■ What the exercise asks:
From the entries below, retype only the lines from the one with "Interactive Electric Ball" through the one with "U R There Photography", exactly as written.

■ The input:
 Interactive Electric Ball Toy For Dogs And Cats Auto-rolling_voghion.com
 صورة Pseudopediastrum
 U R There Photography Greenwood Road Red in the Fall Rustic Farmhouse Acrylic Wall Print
--
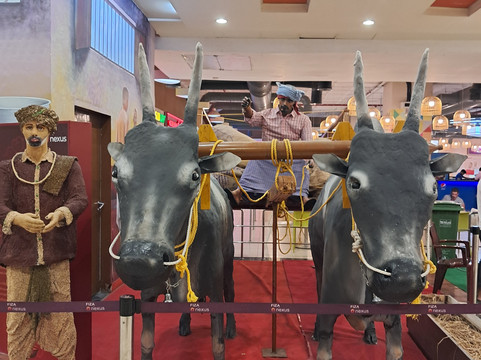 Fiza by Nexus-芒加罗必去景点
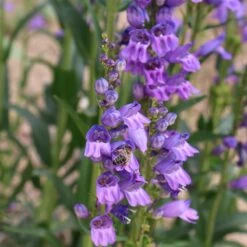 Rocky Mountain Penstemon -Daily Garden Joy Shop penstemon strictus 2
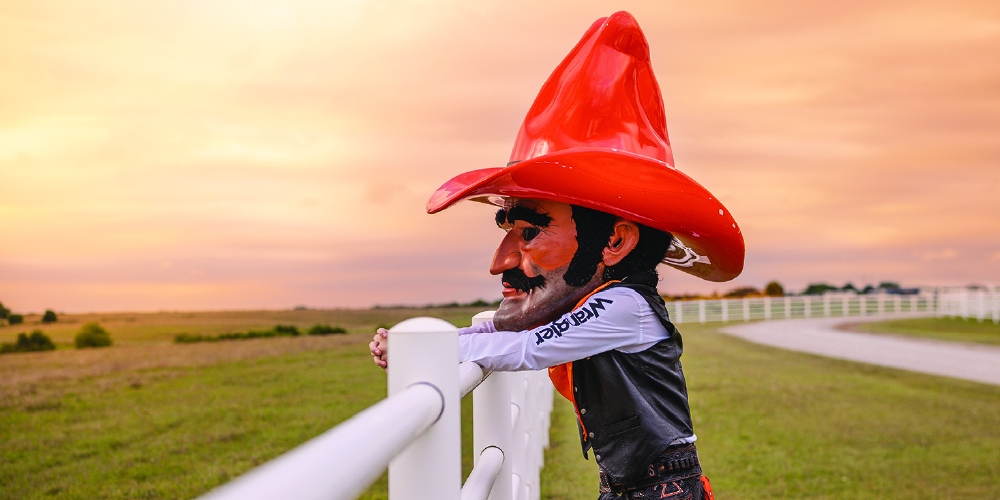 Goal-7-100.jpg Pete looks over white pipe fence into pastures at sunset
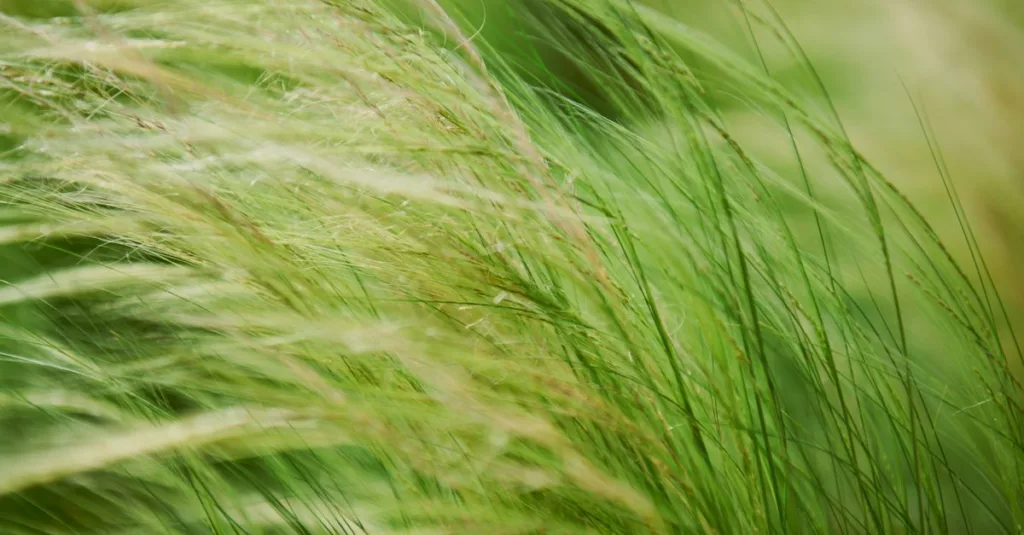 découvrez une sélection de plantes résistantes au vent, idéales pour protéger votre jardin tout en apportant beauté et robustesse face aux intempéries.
---
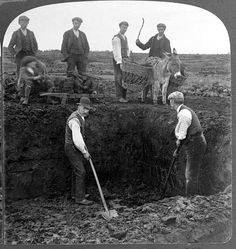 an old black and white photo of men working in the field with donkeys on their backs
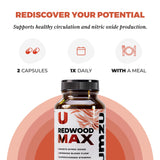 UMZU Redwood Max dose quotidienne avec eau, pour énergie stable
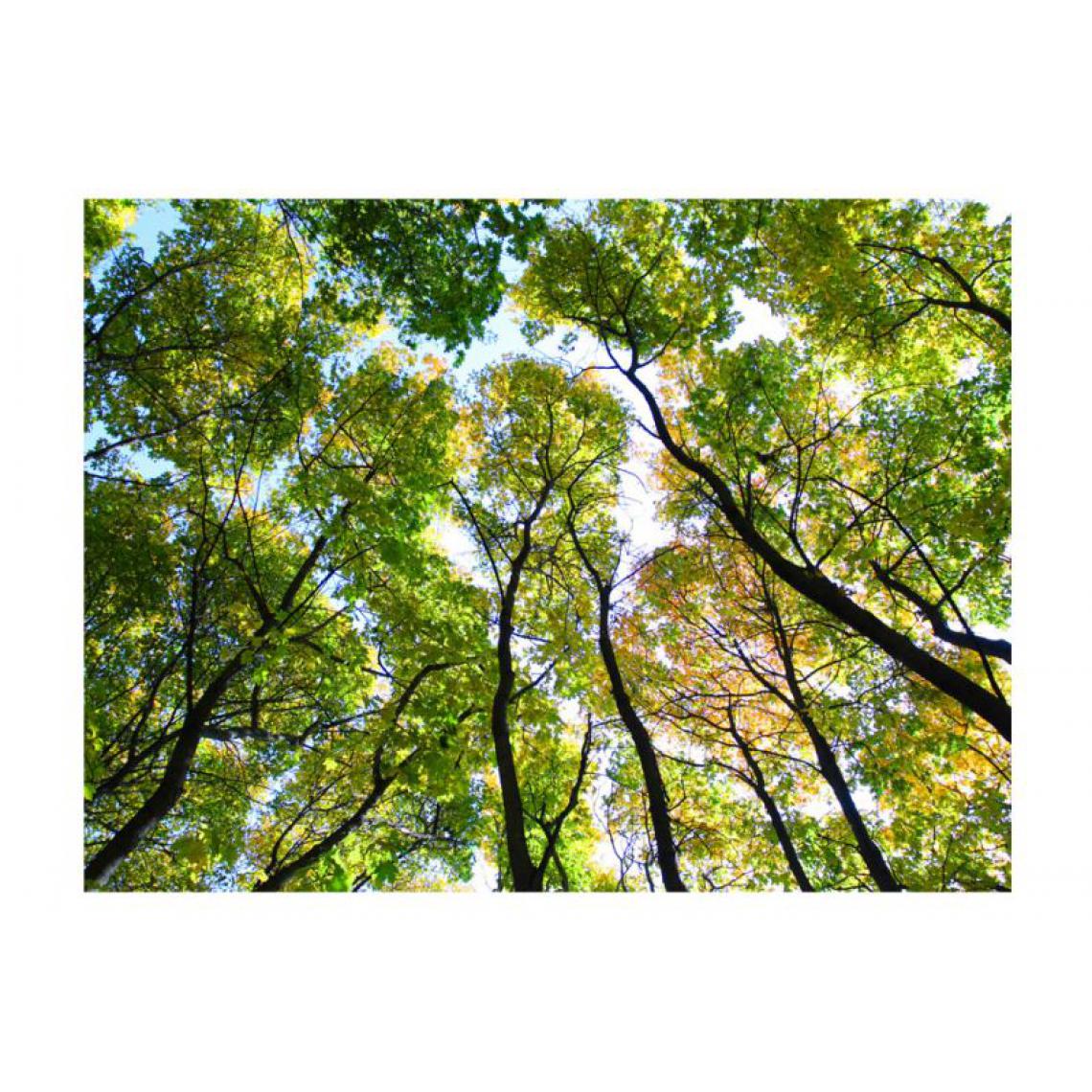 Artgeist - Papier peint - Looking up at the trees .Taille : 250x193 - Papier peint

■ Task response:
 Interactive Electric Ball Toy For Dogs And Cats Auto-rolling_voghion.com
 صورة Pseudopediastrum
 U R There Photography Greenwood Road Red in the Fall Rustic Farmhouse Acrylic Wall Print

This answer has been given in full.